Guest Posts

A Brief Currency Update

world currency

(The following is a guest post)


An uncomfortable week for the US dollar saw it lose a cent to sterling one and a quarter cents to the euro. Investors remain preoccupied with the Federal Reserve’s focus on US economic performance. They believe “good” numbers bring forward the end of the Fed’s monetary stimulus and are a reason to buy the dollar while “bad” numbers set back the date and provoke selling. Last week investors found more bad numbers than good.


The euro strengthened by a third of a cent against sterling for no particular reason. Both moved higher against the US dollar, the pound by a cent and the euro by a cent and a quarter. Moneycorp suggested that any advantage gained by the euro came from better-than-expected purchasing managers’ index readings from Euroland, which showed growing activity in the manufacturing sector and in the commercial economy overall.


The Canadian dollar did not vary by more than a cent either way against sterling. Both the Loonie and the pound went up by approximately a cent against the US dollar. Canada maintained a low profile. The only data related to retail sales, which increased by an impressive and unexpected 1.9% in May. The news was positive for the Loonie, handing it a half-cent advantage that it held onto for most of the week.


A difficult week for the Aussie left it at the back end of the field. It lost half a cent to the pound and the US dollar. Economic data showed Australian inflation slowing to 2.4% and China’s manufacturing activity shrinking. The inflation number was bad for the Aussie because it made lower interest rates more likely. The slowdown in China was bad because it implied reduced demand for Australian mineral and energy exports.

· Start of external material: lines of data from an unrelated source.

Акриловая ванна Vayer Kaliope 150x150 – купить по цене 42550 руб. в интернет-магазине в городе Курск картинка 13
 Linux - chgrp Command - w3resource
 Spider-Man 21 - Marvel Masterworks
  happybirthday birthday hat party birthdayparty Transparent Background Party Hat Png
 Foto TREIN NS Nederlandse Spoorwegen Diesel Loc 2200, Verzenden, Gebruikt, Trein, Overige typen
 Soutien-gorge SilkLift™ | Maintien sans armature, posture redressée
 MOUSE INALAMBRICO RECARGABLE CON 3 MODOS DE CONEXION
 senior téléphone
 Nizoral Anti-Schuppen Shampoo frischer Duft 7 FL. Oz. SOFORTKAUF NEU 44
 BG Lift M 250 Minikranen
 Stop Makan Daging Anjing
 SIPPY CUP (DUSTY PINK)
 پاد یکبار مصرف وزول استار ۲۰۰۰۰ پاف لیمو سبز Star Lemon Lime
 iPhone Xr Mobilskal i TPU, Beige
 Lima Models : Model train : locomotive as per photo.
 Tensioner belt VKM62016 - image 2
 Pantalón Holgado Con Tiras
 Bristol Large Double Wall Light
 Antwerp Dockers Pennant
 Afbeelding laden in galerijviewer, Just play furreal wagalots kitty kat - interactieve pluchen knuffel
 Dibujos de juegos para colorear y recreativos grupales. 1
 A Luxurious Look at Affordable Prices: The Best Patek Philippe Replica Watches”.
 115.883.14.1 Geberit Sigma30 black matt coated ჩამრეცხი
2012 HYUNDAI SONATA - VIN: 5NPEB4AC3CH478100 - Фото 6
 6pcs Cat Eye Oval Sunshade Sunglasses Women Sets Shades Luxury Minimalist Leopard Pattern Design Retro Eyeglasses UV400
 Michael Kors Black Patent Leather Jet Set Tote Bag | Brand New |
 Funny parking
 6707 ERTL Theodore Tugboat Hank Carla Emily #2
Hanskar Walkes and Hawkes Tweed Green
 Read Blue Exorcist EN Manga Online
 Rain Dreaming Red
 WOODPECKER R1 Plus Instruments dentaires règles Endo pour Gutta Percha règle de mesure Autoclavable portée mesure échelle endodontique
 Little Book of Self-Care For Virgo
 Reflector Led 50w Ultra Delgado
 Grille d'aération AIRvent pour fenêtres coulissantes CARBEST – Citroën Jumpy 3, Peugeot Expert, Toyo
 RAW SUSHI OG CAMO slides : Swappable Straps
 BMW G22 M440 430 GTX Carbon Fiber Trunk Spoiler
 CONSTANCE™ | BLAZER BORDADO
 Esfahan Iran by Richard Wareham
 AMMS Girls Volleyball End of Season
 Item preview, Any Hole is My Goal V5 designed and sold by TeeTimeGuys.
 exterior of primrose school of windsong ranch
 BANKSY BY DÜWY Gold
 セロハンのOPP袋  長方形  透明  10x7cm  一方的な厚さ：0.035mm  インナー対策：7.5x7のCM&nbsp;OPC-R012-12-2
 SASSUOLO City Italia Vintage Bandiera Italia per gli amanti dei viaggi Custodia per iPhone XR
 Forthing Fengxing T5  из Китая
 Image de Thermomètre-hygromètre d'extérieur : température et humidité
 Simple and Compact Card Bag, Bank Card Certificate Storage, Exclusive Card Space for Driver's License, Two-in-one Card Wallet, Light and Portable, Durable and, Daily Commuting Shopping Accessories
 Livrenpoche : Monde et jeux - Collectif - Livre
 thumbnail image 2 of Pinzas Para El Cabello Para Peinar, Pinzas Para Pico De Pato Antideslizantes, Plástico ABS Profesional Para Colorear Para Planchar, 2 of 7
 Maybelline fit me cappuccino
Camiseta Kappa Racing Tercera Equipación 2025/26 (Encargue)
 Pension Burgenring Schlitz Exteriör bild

The NZ dollar had a good week, strengthening by a cent and a half against the US dollar and by two and a half cents against the pound. It was helped by the NZ balance of trade and secondly by the Reserve Bank of New Zealand. According to Moneycorp, the trade figures showed falling imports and a wider surplus. The RBNZ implied in its monthly statement that the next move for Kiwi interest rates would be upwards.